Mongnihilo wrote:Actually, you are rejecting the legitimacy of taxation where it is applied to social programs on the basis of property rights. Namely that your property rights are violated by said taxation. If your compliance is secured only by force it hardly matters, but the notion that your property must be regarded as existing in a vacuum where society is concerned, and that no valid claim can be made upon it that does not fit with your immediate and limited conception of your own self interest, is fallacious. Naturally the disposition of your property would be quite different, or even non-existent if no society existed at all.
I think property rights are violated by wealth redistributive schemes of the government. However, taxes to build roads or armies aren't a violation of property rights, because you're not taking property from one group of people and giving it to others. Instead, you're actually spending money on society, because everyone benefits from national defense, etc. And taxation for collective purposes makes sense based on points like yours regarding our connection/dependency upon society.
None of those points obligate me to take care of people who can afford to take care of themselves and who are the cause of their own problems.
Mong wrote: So when you say that your money and your land ought to be yours to do with what you please without the encumbrance of others, perhaps you should glance down at the Federal Reserve Note in your hand and see what is said upon it, or examine the deed to your property and take note of its original signatory and notary. Yes you own those things, and yet they are also a subordinate part of a collective enterprise; and sometimes Caesar comes round to take his due.
I don't believe anything I've said is at odds with this.
Mong wrote:
All you really have to know is that the US pays more per capita for less coverage than any other industrial nation. There are better approaches out there, if we are only willing to learn.
I agree that there are better approaches, and we do pay more, but it's false to say we are paying for less coverage. We have access to more health care options (drugs, procedures, tests, etc.) than other countries, because they ration by taking cost effectiveness into account, and we do not. For instance, Provenge [for prostate cancer] isn't covered by the UK health system, even though it's proven to add months to the life of someone dying of this cancer. It's very expensive ($90,000), but American insurance and Medicare pays for it. In our system, you get to choose whether or not those extra months of life are worth it.

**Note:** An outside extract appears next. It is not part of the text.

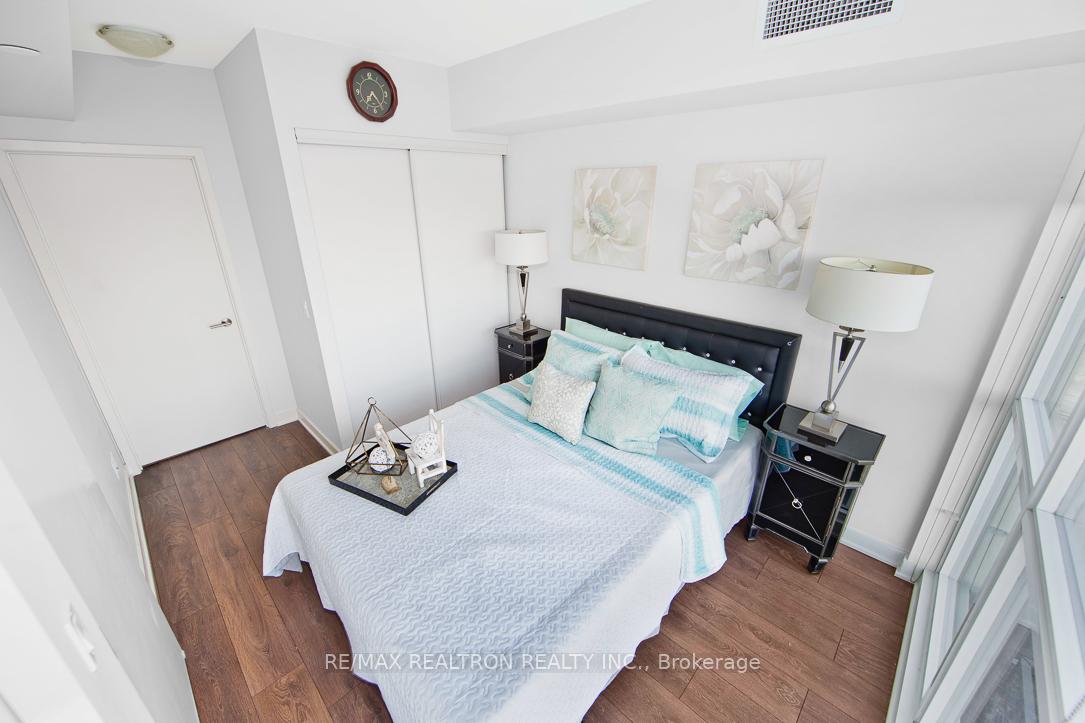 Photo 10 of Unit 805, 2 Sonic Way, Toronto, Flemingdon Park — HOMEH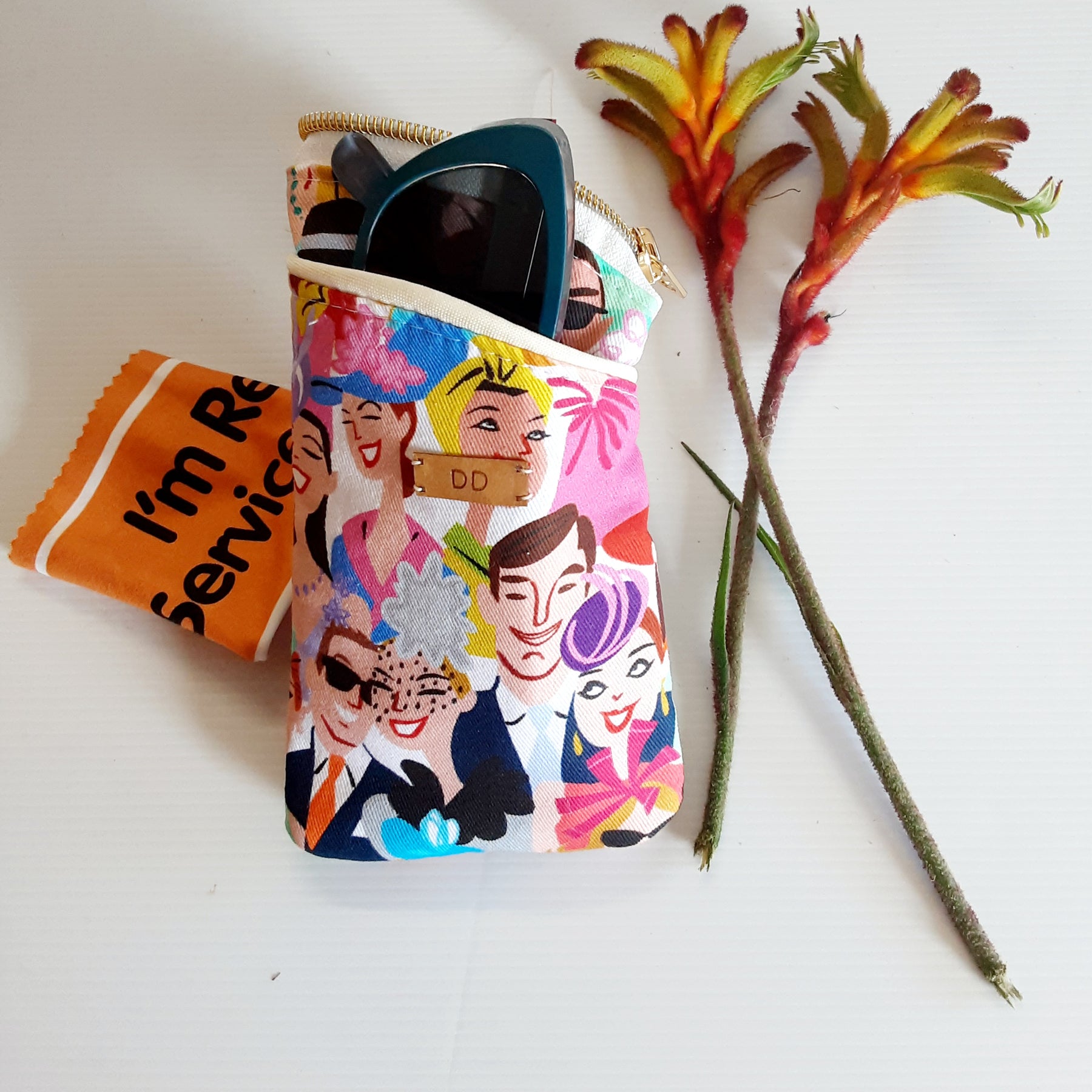 Double pocket eyeglass/sunglass case.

In another country, the government would decide that the cost isn't worth your extra months.
Now, perhaps there are some here who think that 90K is too much to spend to give a few extra months of life, but the point is that you can't say that we're paying for less coverage. We're not. We have more options than everyone else. And it shows in the bill.
Ananda wrote:...I was curious why these other things are allowed, but healthcare for the fat neighbour is off the table. Was curious about the philosophy there (since this philosophy that a society holds determines whether or not you provide healthcare).
You really need a philosophy to explain the concept of personal responsibility? The idea is that foreign to you? My fat neighbor can have all the health care he wants, just like donuts. But he can't have as much of my money as he wants, to pay for either. This is not complicated.
I don't think my skinny neighbor should have the right to vote himself my money, either. But it's just especially galling for someone who creates their own health problems to demand that others fix it, indeed that this is a "right," for which they have NO corresponding responsibility (apparently). Where did my alleged responsibility to take care of my neighbor's health come from? Where did his actual responsibility to take care of his own health go? I think
that's what needs a philosophy to explain. "I want this, but don't want to pay for it" isn't a philosophy. It's usually described as theft in most other contexts.
Ananda wrote:
I also don't understand singling out these fat people, chain smokers, drinkers and so and holding them up as a reason to not provide healthcare because they are 'freeloaders' by existing as they are. So what if some people do stupid things. All people do stupid things. How does it hurt you if some people are fat and get healthcare from a system that you pay into? How would it benefit you from an enlightened self interest point of view?
The reason to single them out is because the idea of health being an alleged right. It makes no sense to obligate society to provide something that people are willfully squandering--showing that they don't value this thing that they claim is a right. It would be like saying everyone has the right to a free home, and then millions of people burning down their homes to get a new one. We can't afford to do this, and it wouldn't be right to force the prosperous to pay for things that others are just burning down.
But if you don't think it's a right, then there's the pragmatic argument. If you make it easier for people to escape the consequences of their actions, then you make it less likely that they'll make good choices. The end goal should be better health, not making it easier to ignore one's responsibility to be healthy. We would merely become enablers of their bad choices.
I think the more you "help" people by doing things for them that they can and should do for themselves, the more you end up hurting them. Dependency destroys people. We are a rich, spoiled, pampered country. Making us even more spoiled will only speed our decline.
Joe Biden … putting the Dem in dementia since (at least) 2020.